Tom: Hi Harlan, welcome to The Maple Money Show.

Harlan: Hey, Tom. Thanks for having me.

Tom: I wanted to have you on to discuss what people can look for in a blog. You’ve always been very community focused within the personal finance niche. Can you take us back to the beginning of your internet history and how built up these communities over time?

Harlan: Well, we’re going back in time quite a bit here. I started as a middle school kid building communities online. This was before the web. Friends would install modems in their computers. And I would tell them when you get a new computer make sure you get a modem. It would allow them to use their phone line to dial up to other computers. So, we were building these communities online before there was the web. I ended up getting access to the Internet before it was available to a lot of people because my mother worked for a university and she let me play around with the university dial-in system which provided things like newsgroups. The Usenet Newsgroups were ways for people to talk to each other across the world where they could ask professional research related questions. At the time, the only people at the time people who were on the Internet—again, this is before the web, were people like university professors, researchers, scientists and the military. So a 12-year-old could ask a question like, “Is time travel possible?” and get a serious answer debating the physics of  time and everything that goes into that, from a physics professor across the world. It was amazing. Then AOL came and gave access to everybody who paid their $10 monthly fee for the CD or whatever it was that they got in the mail and everything just went downhill from there. But actually, it didn’t really because the web is great and I kind of moved that whole idea of creating that bulletin board system. I started building web sites and running a web site from my computer in the dorm room. Now we pay people like Bluehost and Amazon for hosting. Back then it was not so strange to actually run the hosting software server on your own computer and have your own IP address. But the web has expanded so much that stuff like that isn’t really practical. Anyway, we built websites. Then I started blogging or at least doing something that was kind of like blogging back in 1994 and 1995. Then around 1999 the blogger software came out and everybody became a blogger. Now there are all these websites and everybody’s creating their own communities and it’s great. So that was the early, early, history of me on the web.

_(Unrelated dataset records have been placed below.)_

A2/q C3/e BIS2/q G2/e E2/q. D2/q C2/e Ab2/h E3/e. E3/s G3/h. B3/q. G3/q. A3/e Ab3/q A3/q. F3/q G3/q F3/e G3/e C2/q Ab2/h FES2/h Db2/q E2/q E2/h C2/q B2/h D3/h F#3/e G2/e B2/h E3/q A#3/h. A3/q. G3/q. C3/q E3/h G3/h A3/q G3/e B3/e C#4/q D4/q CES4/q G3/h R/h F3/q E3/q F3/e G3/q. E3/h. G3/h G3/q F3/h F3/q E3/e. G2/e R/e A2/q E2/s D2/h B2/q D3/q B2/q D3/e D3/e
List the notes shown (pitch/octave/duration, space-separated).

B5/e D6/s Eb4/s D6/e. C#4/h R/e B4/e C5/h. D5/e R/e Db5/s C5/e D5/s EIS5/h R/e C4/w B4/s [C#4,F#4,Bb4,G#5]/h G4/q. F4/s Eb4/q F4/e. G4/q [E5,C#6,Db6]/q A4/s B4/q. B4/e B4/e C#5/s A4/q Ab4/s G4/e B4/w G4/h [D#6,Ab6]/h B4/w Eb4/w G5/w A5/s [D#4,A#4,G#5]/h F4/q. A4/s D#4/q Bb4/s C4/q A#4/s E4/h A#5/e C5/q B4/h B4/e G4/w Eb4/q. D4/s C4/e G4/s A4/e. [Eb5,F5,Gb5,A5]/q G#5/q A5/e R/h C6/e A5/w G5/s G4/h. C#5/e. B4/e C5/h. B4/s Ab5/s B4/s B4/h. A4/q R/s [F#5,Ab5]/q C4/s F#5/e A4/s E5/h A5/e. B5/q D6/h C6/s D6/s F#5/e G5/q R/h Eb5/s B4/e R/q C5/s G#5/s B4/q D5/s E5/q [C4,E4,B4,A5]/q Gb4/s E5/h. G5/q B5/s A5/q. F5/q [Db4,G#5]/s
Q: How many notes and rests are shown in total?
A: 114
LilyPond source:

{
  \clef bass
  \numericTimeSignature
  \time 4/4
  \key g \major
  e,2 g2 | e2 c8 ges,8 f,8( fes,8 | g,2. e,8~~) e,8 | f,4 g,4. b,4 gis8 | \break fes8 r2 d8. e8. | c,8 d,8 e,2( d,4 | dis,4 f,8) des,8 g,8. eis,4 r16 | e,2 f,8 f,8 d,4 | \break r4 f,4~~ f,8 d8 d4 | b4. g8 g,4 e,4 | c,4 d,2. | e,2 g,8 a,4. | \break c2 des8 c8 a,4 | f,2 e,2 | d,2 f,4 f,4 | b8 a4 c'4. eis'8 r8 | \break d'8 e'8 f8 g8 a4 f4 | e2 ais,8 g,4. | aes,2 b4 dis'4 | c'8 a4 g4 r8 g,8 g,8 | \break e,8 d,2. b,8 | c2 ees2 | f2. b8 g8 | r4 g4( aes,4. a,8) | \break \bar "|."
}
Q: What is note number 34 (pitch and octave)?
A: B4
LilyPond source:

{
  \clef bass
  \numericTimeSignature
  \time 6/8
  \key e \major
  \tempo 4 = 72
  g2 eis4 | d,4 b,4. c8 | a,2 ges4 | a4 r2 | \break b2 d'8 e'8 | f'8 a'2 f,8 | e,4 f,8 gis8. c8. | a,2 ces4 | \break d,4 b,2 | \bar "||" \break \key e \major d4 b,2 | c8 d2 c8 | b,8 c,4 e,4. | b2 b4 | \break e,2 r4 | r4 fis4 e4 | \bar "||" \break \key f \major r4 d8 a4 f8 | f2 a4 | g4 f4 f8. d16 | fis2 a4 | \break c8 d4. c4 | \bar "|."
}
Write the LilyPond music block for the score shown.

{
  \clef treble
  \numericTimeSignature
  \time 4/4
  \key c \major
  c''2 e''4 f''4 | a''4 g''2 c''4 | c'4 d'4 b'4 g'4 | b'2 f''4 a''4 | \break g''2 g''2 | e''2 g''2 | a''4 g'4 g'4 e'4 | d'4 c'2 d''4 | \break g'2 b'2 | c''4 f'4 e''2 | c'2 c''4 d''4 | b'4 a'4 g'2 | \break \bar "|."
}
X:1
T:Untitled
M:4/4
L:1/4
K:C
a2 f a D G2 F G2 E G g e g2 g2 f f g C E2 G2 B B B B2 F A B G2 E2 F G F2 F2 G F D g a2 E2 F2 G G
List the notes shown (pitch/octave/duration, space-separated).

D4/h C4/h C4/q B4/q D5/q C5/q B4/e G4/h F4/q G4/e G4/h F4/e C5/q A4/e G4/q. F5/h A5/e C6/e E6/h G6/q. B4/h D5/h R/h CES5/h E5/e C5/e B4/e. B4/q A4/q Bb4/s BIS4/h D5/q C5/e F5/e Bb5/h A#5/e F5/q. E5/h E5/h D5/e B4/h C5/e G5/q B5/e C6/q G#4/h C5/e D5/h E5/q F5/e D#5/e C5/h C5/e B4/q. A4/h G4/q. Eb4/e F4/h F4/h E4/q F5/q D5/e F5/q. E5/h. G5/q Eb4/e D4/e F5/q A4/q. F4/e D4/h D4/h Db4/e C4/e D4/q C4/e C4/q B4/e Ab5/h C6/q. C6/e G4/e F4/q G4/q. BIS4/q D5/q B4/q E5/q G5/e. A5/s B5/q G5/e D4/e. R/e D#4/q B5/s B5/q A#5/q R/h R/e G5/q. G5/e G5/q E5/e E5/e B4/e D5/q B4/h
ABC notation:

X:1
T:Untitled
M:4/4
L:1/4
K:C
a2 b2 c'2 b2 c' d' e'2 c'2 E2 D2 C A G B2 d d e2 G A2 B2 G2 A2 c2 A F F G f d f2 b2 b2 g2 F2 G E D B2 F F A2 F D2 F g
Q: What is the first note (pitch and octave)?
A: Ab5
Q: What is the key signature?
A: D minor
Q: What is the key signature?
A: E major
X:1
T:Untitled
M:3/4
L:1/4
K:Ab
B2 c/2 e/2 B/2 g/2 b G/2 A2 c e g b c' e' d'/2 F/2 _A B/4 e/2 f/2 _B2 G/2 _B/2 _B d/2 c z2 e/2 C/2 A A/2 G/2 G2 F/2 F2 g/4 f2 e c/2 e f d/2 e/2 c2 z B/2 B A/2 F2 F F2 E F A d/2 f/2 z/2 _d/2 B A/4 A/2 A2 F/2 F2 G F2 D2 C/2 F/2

Tom: So let’s get into this personal finance idea. Were you the first blogger or at least as far as you know maybe?

Harlan: Yeah, I think I was the first blogger to start a blog that was focused primarily on personal finance. Certainly, I wasn’t the first person to talk about money online. And I probably wasn’t the first person to blog about money. But as far as I know, I was the first person who created a blog specifically to talk about my financial problems, my journey, how to help myself improve and to just write about money every day. There was another early site called pfblog.com. I’m pretty sure we started around the same time but I think I was out there first. Although, if you looked at the site at the time—at pfblog.com, there were some earlier dated articles that I think he put up afterwards.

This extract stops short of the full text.